We also considered other proposed modulators of insulin resistance, such as increased lipolysis. Primary Rictor-iKO adipocytes show no difference in basal or isoproterenol-stimulated glycerol release (Fig. 9i) arguing against increased lipolysis as a primary target of Rictor loss. However, pgWAT depots resected from RictorAdipoq-cre mice show a modest increase in basal glycerol release ex vivo; isoproterenol-stimulated glycerol release is normal (Fig. 9j). When administered at a controlled concentration, insulin is also ineffective at suppressing circulating FFA levels in vivo in fasted RictorAdipoq-cre mice (Supplementary Fig. 6e), which is consistent with insulin resistance but could reflect liver dysfunction. High cholesterol is detected in the mutants, however, circulating FFA and TAG levels are not significantly different between fasted control and RictorAdipoq-cre mice possibly due to the high basal insulin levels (Supplementary Fig. 6f–h). Moreover, RictorAdipoq-cre mice have normal hormone sensitive lipase (HSL) levels in both depots and increased HSL phosphorylation is not detected (Fig. 1a). Higher levels of adipose triglyceride lipase (ATGL) associate with increased lipolysis; however, ATGL levels are also normal in pgWAT and lower in sWAT (Fig. 1a). Thus, defective lipolysis may contribute to insulin resistance in the prolonged absence of Rictor/mTORC2 in fat but it does not appear to be a primary effect.
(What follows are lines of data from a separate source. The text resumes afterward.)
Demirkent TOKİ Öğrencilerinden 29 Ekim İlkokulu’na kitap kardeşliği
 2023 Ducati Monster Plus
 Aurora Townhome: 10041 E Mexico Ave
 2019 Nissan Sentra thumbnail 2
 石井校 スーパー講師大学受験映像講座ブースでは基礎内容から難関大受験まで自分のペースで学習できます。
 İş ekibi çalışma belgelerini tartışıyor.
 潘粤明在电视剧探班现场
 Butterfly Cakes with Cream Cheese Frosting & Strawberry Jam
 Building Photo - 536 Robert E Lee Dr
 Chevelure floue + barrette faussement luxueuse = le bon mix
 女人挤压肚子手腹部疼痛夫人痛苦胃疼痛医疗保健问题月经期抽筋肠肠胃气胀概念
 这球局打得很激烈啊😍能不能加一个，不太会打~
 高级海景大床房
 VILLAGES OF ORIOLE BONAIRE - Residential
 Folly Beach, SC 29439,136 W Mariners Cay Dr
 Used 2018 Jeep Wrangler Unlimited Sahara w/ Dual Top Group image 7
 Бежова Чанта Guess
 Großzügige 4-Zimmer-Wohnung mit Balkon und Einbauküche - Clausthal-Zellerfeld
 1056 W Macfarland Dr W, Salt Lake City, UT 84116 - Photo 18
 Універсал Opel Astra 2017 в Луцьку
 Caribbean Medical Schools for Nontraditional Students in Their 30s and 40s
TNF-α is undetectable in RictorAdipoq-cre mice and leptin, resistin and PAI-1 levels are normal (Supplementary Fig. 6i–k). We do detect reduced plasma adiponectin by ∼32% (Supplementary Fig. 6l), which could contribute to insulin resistance. However, reducing adiponectin levels reportedly has no or only a mild defect in insulin sensitivity in chow-fed mice31,32 suggesting this alone likely does not explain the severe insulin resistance of RictorAdipoq-cre mice. Thus, based on the collective in vivo and in vitro primary cell data, we propose that a primary function of mTORC2 in adipocytes is to control ChREBP activity by regulating glucose flux, which promotes DNL and the production of a signal(s) that promote insulin sensitivity and possibly adipogenesis (Fig. 10). However, prolonged Rictor/mTORC2 loss may lead to secondary metabolic changes that exacerbate the phenotype.
Discussion
We describe a novel model of mTORC2 in adipose tissue based on conditional deletion of Rictor with adiponectin-Cre. There are several phenotypic differences compared with mice in which Rictor was targeted with aP2-Cre16,17. A detailed comparison can be found in Supplementary Table 1. These differences likely reflect the higher efficiency and specificity of adiponectin-Cre18,19,21,33. For example, aP2-Cre incompletely targets adipocytes and additionally targets adipose tissue endothelial cells33. We find that RictorAdipoq-Cre mice exhibit more severe insulin resistance. In addition, RictorAdipoq-Cre gain less weight than controls on HFD while in contrast RictoraP2-Cre mice gain more weight on HFD. The reduced weight of RictorAdipoq-Cre mice on HFD is largely due to a decrease in fat mass, but whether resistance to obesity reflects the deficiency in Chrebpβ expression or DNL is not yet clear. Interestingly, it was suggested recently that ChREBP may promote PPARγ activity by controlling the synthesis of FAs that function as PPARγ ligands25. In addition, mice lacking Fasn in adipose tissue are also resistant to HFD and this is attributed to defective synthesis of a PPARγ ligand34. Such a ligand could act in a paracrine manner to stimulate new adipogenesis. This requires further investigation.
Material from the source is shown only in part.